%%

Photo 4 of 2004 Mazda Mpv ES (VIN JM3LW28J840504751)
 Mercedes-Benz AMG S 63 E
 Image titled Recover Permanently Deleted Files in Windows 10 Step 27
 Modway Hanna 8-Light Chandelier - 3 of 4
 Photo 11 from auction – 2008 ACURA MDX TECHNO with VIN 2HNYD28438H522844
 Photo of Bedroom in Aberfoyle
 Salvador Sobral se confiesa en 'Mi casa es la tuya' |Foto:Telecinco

%%

Every entry must come back exactly as written above.

Photo 4 of 2004 Mazda Mpv ES (VIN JM3LW28J840504751)
 Mercedes-Benz AMG S 63 E
 Image titled Recover Permanently Deleted Files in Windows 10 Step 27
 Modway Hanna 8-Light Chandelier - 3 of 4
 Photo 11 from auction – 2008 ACURA MDX TECHNO with VIN 2HNYD28438H522844
 Photo of Bedroom in Aberfoyle
 Salvador Sobral se confiesa en 'Mi casa es la tuya' |Foto:Telecinco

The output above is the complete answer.